Tablica pamięci przy strażnicy "1914-2014 Bogu na chwałę ludziom na pożytek. 100-lecie Ochotniczej Straży Pożarnej w Dłutowie. W hołdzie wszystkim strażakom. Dłutów 31.08.2014".
Za remizą znajduje się stadion gminny. Rozgrywają tu swoje mecze piłkarze drużyny GLKS Dłutów.
Wracam na DW nr 485 i pedałuję w kierunku Pabianic.

Przed wiaduktem trasy S-14 w Pawłówku, skręcam w prawo i pędzę do wsi Rydzyny.
Zauważam jadącego przede mną kolarza i postanawiam go dogonić !
Udaje mi się ta operacja doskonale i bez zadyszki ! Kolejne kilometry przejeżdżam w towarzystwie sympatycznego Bogumiła z Pabianic, który wybrał się dziś na przejażdżkę na swojej kolarce m-ki "Author" Pozdrowienia Bogumił i do zobaczenia na rowerowych szlakach !!!
Z Pabianic już tylko przysłowiowy "rzut beretem" do Łodzi. Spokojnym tempem docieram na Rudę Pabianicką.
Potem zajeżdżam na osiedle Stare Rokicie i zwiedzam ul. św. Franciszka z Asyżu. Na zdjęciu kamienica z 1935 na posesji nr 21.
Napis na murze ul. Św. Franciszka 22 : "Specyfika miasta to sztywne zasady. Pozdrowienia dla ludzi zza kraty".
Św. Franciszka 42/Szybowcowa "Żywy ogień w naszych sercach. To fanatyzm, to napędza. Polska kibolska. Nasza siła, nasz potencjał, to ulicy jest energia" - graffiti kibiców piłkarskich.
Umięśniony orzeł w koronie i król szos Mr SCOTT
"Fanatycy poza prawem" - napis na murze przy ul. św. Franciszka 46.
"ACAB za wami stoi prawo, za nami stoi prawda" - ręce w kajdanach i napis na budynku przy ul. św. Franciszka 50.

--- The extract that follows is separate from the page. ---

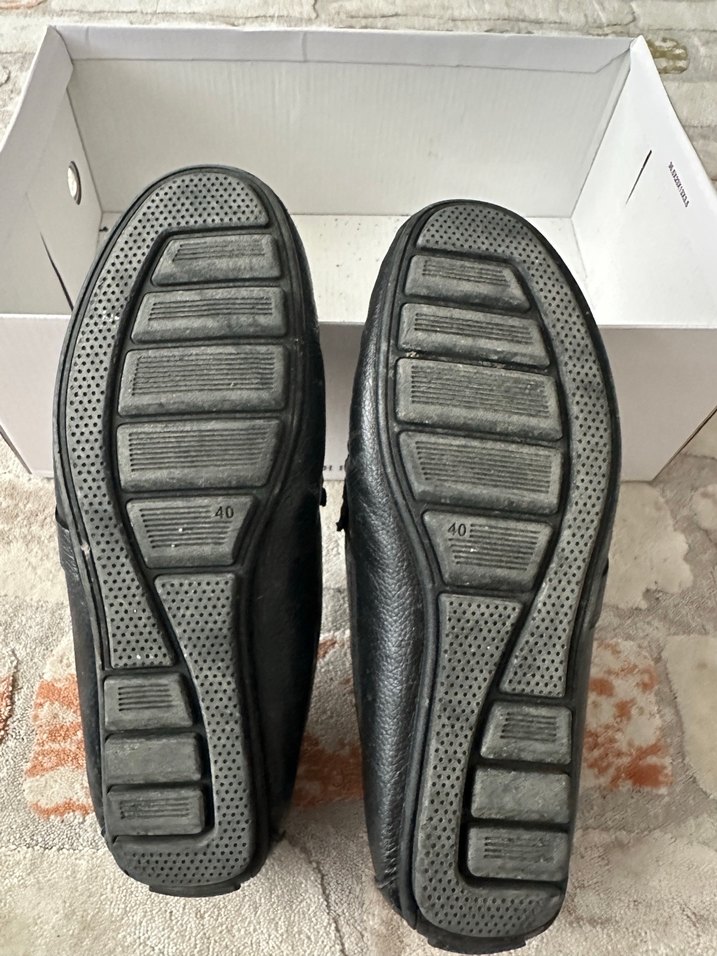 Erkek  Siyah Deri Tokalı Loafer - Görsel 3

Ulica została wytyczona w latach 30. XX wieku w sąsiedztwie budowanego w 1932 roku kościoła pod wezwaniem św. Franciszka. W 1991 r. uściślono jej nazwę na św. Franciszka z Asyżu.
Z Rokicia dojeżdżam do ul. Pabianickiej i kieruję się na ulicę al. Politechniki.
Na ogromnej działce pod nr 10, rozpoczęła się budowa Łódzkiego Akademickiego Centrum Sportowo-Dydaktycznego Politechniki Łódzkiej. W budynku powstanie m.in. basen olimpijski i hala sportowa na 800 miejsc. Całość będzie gotowa pod koniec 2016 roku.
Na ostatnią prostą wybieram przejazd po ul. Adama Próchnika, gdzie znajduje się moja domowa BAZA WYPADOWA. Pora na podsumowanie : to była bardzo fajna wycieczka, podczas której ostro naparzałem korbą i wykręciłem dokładnie 122 km !
Za parę dni znowu ruszam na szlak !!!